- Exercise -
Where a line contains "Pioneer TS-G1010F 2", start there and write out that line and each one after it, word for word, through the final line of the entries; add nothing else.

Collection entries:
/---

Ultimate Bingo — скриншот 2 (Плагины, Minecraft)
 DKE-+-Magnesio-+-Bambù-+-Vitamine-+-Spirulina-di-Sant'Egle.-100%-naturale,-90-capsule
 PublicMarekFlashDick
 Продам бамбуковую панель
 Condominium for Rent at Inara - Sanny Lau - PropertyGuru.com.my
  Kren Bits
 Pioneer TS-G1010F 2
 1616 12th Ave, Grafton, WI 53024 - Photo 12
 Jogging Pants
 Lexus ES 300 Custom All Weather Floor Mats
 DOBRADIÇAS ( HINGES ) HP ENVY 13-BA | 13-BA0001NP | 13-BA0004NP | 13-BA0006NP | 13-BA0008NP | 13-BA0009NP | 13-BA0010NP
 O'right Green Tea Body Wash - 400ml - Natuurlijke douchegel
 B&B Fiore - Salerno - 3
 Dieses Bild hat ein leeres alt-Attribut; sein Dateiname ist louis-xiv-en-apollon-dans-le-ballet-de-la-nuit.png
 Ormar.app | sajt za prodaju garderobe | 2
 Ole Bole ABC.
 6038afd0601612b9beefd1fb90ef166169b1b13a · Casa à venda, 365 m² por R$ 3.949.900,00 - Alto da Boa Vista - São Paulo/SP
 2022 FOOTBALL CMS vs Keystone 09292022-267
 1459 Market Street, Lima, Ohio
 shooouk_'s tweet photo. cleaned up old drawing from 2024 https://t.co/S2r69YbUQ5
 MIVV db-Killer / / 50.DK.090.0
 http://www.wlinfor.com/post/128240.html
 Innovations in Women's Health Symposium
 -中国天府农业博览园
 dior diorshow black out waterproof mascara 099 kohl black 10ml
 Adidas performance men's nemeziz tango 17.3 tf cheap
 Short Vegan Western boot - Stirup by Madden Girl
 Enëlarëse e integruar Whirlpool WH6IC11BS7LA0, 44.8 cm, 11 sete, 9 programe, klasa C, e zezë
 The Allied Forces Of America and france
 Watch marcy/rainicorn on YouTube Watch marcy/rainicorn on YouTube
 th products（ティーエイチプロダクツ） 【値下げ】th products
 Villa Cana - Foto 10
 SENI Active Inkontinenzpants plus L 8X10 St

\---

- Response below -
 Pioneer TS-G1010F 2
 1616 12th Ave, Grafton, WI 53024 - Photo 12
 Jogging Pants
 Lexus ES 300 Custom All Weather Floor Mats
 DOBRADIÇAS ( HINGES ) HP ENVY 13-BA | 13-BA0001NP | 13-BA0004NP | 13-BA0006NP | 13-BA0008NP | 13-BA0009NP | 13-BA0010NP
 O'right Green Tea Body Wash - 400ml - Natuurlijke douchegel
 B&B Fiore - Salerno - 3
 Dieses Bild hat ein leeres alt-Attribut; sein Dateiname ist louis-xiv-en-apollon-dans-le-ballet-de-la-nuit.png
 Ormar.app | sajt za prodaju garderobe | 2
 Ole Bole ABC.
 6038afd0601612b9beefd1fb90ef166169b1b13a · Casa à venda, 365 m² por R$ 3.949.900,00 - Alto da Boa Vista - São Paulo/SP
 2022 FOOTBALL CMS vs Keystone 09292022-267
 1459 Market Street, Lima, Ohio
 shooouk_'s tweet photo. cleaned up old drawing from 2024 https://t.co/S2r69YbUQ5
 MIVV db-Killer / / 50.DK.090.0
 http://www.wlinfor.com/post/128240.html
 Innovations in Women's Health Symposium
 -中国天府农业博览园
 dior diorshow black out waterproof mascara 099 kohl black 10ml
 Adidas performance men's nemeziz tango 17.3 tf cheap
 Short Vegan Western boot - Stirup by Madden Girl
 Enëlarëse e integruar Whirlpool WH6IC11BS7LA0, 44.8 cm, 11 sete, 9 programe, klasa C, e zezë
 The Allied Forces Of America and france
 Watch marcy/rainicorn on YouTube Watch marcy/rainicorn on YouTube
 th products（ティーエイチプロダクツ） 【値下げ】th products
 Villa Cana - Foto 10
 SENI Active Inkontinenzpants plus L 8X10 St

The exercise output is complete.